● **SOURCE MATERIAL**:
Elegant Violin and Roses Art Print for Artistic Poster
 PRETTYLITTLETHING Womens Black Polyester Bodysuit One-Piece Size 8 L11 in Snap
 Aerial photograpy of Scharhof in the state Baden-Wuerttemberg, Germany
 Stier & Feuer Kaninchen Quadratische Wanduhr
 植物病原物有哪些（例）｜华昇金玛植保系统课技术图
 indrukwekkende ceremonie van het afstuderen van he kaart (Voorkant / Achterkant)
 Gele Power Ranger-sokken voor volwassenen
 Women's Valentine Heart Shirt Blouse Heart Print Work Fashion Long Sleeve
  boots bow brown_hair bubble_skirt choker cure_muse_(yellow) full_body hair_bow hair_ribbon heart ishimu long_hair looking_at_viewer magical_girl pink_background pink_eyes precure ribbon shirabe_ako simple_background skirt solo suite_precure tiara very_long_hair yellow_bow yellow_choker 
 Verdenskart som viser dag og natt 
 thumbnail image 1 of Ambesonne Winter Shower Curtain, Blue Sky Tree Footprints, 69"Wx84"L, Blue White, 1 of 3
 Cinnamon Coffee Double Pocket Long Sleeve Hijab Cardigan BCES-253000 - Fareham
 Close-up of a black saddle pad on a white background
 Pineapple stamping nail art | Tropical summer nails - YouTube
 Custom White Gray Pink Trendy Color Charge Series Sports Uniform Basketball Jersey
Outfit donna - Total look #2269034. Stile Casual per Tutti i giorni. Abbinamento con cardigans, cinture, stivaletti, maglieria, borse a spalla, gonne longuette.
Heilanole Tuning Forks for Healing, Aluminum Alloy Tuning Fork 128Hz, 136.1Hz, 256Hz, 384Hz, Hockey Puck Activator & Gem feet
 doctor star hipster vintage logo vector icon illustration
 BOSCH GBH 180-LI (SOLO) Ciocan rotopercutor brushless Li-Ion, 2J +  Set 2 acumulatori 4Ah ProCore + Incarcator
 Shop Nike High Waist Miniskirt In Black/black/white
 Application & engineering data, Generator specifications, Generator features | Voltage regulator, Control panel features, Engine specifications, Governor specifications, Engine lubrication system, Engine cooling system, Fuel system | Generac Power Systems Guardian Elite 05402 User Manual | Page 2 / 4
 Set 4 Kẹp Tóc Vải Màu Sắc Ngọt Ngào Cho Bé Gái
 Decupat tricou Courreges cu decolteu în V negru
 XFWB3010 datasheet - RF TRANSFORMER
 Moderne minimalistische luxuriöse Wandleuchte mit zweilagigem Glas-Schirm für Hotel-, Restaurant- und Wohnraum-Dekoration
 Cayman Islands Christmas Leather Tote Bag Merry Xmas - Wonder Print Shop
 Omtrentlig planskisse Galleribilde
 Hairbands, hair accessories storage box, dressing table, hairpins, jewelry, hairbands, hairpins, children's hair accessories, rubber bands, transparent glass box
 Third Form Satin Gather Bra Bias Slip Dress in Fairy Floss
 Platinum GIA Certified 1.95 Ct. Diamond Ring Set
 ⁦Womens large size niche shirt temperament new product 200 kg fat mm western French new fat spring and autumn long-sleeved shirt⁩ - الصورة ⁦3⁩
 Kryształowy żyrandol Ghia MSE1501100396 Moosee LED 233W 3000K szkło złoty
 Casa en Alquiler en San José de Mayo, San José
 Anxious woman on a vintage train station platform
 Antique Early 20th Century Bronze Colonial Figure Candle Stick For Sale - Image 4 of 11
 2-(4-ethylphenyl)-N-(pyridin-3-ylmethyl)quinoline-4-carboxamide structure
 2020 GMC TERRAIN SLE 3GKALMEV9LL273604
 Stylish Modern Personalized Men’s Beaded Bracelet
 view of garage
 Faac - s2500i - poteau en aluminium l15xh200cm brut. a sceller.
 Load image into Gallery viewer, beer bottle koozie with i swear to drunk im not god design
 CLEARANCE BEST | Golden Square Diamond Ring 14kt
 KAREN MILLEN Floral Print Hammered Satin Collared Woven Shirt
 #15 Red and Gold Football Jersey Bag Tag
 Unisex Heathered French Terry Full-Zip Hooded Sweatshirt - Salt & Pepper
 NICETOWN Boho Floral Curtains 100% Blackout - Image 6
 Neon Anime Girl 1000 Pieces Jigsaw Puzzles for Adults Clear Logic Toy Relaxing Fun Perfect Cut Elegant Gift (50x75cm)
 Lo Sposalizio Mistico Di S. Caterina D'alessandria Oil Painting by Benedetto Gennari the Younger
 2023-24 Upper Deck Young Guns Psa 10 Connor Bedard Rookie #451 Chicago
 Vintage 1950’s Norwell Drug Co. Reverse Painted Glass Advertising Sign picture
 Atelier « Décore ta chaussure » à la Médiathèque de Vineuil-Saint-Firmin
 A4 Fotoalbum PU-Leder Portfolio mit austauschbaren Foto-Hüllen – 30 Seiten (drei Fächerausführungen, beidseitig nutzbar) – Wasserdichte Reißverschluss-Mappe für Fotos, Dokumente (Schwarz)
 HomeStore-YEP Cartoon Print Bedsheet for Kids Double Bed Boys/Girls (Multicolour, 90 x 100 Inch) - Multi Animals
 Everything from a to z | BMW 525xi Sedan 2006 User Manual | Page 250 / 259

● **WORK ITEM**: Beginning with the line containing "XFWB3010 datasheet - RF TRANSFORMER" and ending with the line containing "HomeStore-YEP Cartoon Print", extract those lines exactly from the listing above, and only those.

● **ANSWER BOX**:
 XFWB3010 datasheet - RF TRANSFORMER
 Moderne minimalistische luxuriöse Wandleuchte mit zweilagigem Glas-Schirm für Hotel-, Restaurant- und Wohnraum-Dekoration
 Cayman Islands Christmas Leather Tote Bag Merry Xmas - Wonder Print Shop
 Omtrentlig planskisse Galleribilde
 Hairbands, hair accessories storage box, dressing table, hairpins, jewelry, hairbands, hairpins, children's hair accessories, rubber bands, transparent glass box
 Third Form Satin Gather Bra Bias Slip Dress in Fairy Floss
 Platinum GIA Certified 1.95 Ct. Diamond Ring Set
 ⁦Womens large size niche shirt temperament new product 200 kg fat mm western French new fat spring and autumn long-sleeved shirt⁩ - الصورة ⁦3⁩
 Kryształowy żyrandol Ghia MSE1501100396 Moosee LED 233W 3000K szkło złoty
 Casa en Alquiler en San José de Mayo, San José
 Anxious woman on a vintage train station platform
 Antique Early 20th Century Bronze Colonial Figure Candle Stick For Sale - Image 4 of 11
 2-(4-ethylphenyl)-N-(pyridin-3-ylmethyl)quinoline-4-carboxamide structure
 2020 GMC TERRAIN SLE 3GKALMEV9LL273604
 Stylish Modern Personalized Men’s Beaded Bracelet
 view of garage
 Faac - s2500i - poteau en aluminium l15xh200cm brut. a sceller.
 Load image into Gallery viewer, beer bottle koozie with i swear to drunk im not god design
 CLEARANCE BEST | Golden Square Diamond Ring 14kt
 KAREN MILLEN Floral Print Hammered Satin Collared Woven Shirt
 #15 Red and Gold Football Jersey Bag Tag
 Unisex Heathered French Terry Full-Zip Hooded Sweatshirt - Salt & Pepper
 NICETOWN Boho Floral Curtains 100% Blackout - Image 6
 Neon Anime Girl 1000 Pieces Jigsaw Puzzles for Adults Clear Logic Toy Relaxing Fun Perfect Cut Elegant Gift (50x75cm)
 Lo Sposalizio Mistico Di S. Caterina D'alessandria Oil Painting by Benedetto Gennari the Younger
 2023-24 Upper Deck Young Guns Psa 10 Connor Bedard Rookie #451 Chicago
 Vintage 1950’s Norwell Drug Co. Reverse Painted Glass Advertising Sign picture
 Atelier « Décore ta chaussure » à la Médiathèque de Vineuil-Saint-Firmin
 A4 Fotoalbum PU-Leder Portfolio mit austauschbaren Foto-Hüllen – 30 Seiten (drei Fächerausführungen, beidseitig nutzbar) – Wasserdichte Reißverschluss-Mappe für Fotos, Dokumente (Schwarz)
 HomeStore-YEP Cartoon Print Bedsheet for Kids Double Bed Boys/Girls (Multicolour, 90 x 100 Inch) - Multi Animals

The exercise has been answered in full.